Sweet Sam was very muted on our trip away.


It’s quite a conundrum finding a holiday to suit all our family’s needs. The girls wanted a sun, sea and sand get-away, a place where they might mix and mingle, make new friends, and generally spend a lively time.


I had doubts. Sam doesn’t take too well to change at the best of times. The way he is wired, he doesn’t filter out the noise of crowds in the way most of us do, he is easily overwhelmed, and most often unable to cope outside of his safe and familiar comfort zone.


Plus these days, looking far, far better with my clothes on rather than off, the thought of strutting my stuff by the pool side, measured against lithe, nubile 20-something-or-other bodies, well, it hardly appeals, y'know?


We are blessed to live in a house large enough to be surrounded within our own grounds, where Sam and I are mostly shielded from the outside world. Aside from school and his occasional social outlet, (his special needs clubs where he feels safe and accepted) he is perfectly content and happy to contain himself to walking in the garden, perhaps so far as to the glen, and even to sit by the river to watch the fish swim by. If not doing that, he is in his element simply closeting himself to his room, where he either listens to his beloved Manx radio, or watches various points of the island via web cam from his laptop.
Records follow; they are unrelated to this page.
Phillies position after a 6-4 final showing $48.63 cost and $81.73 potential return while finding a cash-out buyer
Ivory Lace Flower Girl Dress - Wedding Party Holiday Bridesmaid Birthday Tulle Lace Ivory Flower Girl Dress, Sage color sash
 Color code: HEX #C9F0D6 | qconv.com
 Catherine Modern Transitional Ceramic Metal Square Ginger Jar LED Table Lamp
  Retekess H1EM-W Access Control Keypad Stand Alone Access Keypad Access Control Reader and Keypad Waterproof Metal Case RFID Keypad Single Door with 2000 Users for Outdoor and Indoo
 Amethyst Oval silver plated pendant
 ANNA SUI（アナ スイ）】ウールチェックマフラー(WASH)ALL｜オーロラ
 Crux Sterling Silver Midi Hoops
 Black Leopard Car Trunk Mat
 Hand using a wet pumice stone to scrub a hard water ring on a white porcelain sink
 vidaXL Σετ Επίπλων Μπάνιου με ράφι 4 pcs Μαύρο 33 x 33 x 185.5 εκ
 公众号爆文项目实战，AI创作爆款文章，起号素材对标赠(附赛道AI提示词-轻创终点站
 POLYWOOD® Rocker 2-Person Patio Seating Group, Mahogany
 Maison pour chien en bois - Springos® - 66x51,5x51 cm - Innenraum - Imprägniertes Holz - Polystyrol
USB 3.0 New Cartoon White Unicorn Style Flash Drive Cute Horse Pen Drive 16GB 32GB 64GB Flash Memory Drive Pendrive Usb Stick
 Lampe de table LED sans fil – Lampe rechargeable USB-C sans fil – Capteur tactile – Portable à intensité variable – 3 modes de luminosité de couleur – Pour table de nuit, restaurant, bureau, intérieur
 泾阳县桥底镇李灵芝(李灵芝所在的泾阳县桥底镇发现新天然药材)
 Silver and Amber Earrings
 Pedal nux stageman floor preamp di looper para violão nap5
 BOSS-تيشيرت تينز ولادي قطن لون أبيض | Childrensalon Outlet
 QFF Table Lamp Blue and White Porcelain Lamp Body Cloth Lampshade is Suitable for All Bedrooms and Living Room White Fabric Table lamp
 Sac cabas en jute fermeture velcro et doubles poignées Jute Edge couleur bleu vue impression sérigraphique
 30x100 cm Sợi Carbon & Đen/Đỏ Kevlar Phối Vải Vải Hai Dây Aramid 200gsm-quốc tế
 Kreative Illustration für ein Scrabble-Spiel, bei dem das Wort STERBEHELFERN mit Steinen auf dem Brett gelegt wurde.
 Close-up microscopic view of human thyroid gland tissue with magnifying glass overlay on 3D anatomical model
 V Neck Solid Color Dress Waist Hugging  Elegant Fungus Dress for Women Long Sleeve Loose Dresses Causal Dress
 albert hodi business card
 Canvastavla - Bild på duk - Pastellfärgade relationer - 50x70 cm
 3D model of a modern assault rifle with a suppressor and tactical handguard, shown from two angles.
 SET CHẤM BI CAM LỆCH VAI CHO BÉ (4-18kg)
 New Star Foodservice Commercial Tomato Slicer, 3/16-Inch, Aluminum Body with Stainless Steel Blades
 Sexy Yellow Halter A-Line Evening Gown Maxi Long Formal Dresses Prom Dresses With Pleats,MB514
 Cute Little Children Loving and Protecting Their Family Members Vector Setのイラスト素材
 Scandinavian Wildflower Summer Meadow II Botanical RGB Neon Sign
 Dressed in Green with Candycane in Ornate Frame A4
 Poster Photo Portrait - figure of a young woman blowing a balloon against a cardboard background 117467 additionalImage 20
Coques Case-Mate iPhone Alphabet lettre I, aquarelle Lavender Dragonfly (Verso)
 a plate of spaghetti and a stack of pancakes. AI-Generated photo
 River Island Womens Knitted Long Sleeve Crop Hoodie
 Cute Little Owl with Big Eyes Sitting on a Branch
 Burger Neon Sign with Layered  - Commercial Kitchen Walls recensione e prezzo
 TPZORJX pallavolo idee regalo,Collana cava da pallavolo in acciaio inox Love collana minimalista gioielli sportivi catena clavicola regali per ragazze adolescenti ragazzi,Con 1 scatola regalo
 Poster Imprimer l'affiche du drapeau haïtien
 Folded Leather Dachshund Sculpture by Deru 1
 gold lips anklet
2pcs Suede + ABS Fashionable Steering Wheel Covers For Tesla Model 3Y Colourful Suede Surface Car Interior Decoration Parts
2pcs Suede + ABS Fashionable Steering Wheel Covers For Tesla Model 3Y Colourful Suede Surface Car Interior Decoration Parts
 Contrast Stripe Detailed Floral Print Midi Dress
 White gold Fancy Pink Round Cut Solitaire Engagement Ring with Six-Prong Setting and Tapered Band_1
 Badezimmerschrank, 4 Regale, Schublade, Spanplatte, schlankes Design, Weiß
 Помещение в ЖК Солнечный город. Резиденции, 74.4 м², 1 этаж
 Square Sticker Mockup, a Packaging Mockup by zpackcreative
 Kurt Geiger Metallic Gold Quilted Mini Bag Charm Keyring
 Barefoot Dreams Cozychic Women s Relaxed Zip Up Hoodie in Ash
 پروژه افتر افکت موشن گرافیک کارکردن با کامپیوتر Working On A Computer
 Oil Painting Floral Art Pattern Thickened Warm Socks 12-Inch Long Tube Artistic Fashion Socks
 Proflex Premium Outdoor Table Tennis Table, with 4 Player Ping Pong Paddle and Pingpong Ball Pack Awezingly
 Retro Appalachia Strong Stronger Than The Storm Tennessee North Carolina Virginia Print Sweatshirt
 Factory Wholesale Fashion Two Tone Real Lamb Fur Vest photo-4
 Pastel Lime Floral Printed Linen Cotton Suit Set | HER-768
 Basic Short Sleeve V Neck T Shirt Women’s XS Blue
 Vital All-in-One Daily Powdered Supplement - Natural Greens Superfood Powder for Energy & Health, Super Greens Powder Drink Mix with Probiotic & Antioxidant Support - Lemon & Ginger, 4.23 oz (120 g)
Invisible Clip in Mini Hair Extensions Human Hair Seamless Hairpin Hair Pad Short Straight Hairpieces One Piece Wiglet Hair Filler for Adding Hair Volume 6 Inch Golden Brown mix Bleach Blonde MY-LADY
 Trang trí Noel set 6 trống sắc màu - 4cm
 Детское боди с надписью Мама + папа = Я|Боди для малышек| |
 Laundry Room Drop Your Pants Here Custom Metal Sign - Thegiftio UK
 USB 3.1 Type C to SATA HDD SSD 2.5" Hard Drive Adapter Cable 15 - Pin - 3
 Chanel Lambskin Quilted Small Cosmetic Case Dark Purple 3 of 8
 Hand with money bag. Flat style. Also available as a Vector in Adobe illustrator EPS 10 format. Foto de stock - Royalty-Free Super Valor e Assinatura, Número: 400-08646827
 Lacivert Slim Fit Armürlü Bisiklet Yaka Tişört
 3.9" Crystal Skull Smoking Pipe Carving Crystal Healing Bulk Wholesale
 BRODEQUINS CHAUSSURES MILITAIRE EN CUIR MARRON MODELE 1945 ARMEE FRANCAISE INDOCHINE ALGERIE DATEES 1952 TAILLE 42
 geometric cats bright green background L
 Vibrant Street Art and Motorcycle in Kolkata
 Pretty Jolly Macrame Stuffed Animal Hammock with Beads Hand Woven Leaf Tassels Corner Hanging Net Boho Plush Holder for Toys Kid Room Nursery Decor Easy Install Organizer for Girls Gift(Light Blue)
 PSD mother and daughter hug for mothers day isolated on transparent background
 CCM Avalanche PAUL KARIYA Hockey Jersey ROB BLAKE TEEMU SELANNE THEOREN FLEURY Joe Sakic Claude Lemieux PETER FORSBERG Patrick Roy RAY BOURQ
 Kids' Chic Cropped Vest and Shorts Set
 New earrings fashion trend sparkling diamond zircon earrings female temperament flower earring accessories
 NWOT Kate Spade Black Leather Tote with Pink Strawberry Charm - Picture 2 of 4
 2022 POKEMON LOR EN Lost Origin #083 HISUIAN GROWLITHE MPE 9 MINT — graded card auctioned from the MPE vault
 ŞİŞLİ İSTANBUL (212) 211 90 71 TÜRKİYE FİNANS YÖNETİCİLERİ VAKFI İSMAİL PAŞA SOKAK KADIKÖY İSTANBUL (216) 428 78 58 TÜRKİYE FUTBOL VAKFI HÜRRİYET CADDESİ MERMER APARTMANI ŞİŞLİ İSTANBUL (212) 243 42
He also enjoys his Play Station 2, (so long as it involves cars or motorbikes), or watching (part of) a Man United footie match on the telly, 'though if the opposition scores, he fast loses all interest and switches off.


It can be quite a challenge to persuade him to vary this routine.


Holidays are rarely easy.


Yet.


I so wanted to have a “normal”, enjoyable week, one where we all could look back on as a happy, bonding vacation together. My first preference would have been a villa, one with a private pool, but alas, outside of Sam, no one else voted my way.


Understandably, the girls are weary of always stepping down for Sam’s needs. I understand that. They are mostly gracious, and usually look out for their big bruv’, they do love him dearly and tolerate much in his name. Something I am acutely aware of.


This is the first year my eldest elected to vacation away from us, and having already spent a week abroad with friends, he was happy to stay home alone and without us (to doubtlessly continue on with the party) whilst we were away. And yeah, you betcha’, passing my home over to an 18yr old to sit certainly made me nervous!


Anyhows, long story short, I caved, taking the cheap and cheerful, most popular option of us booking ourselves off on an all-inclusive family package holiday to Spain. The girls were in seventh heaven.


And poor Sam landed in hell.


Abby, the kindest of my lot, had already volunteered to share a room with her 17yr old brother. Not many 13yr old girls would be so sweet, but she knew how it would be either that or he’d be sharing a room with us – and having the insight to know her parents would already have spent most of the day sitting with and keeping him happy, she claimed she'd be fine in accompanying him overnight. Besides, as she said, she could always directly phone us if there was a problem.


And there was of course, but not too often. She only had to share my room once, with hubby sleeping in with him.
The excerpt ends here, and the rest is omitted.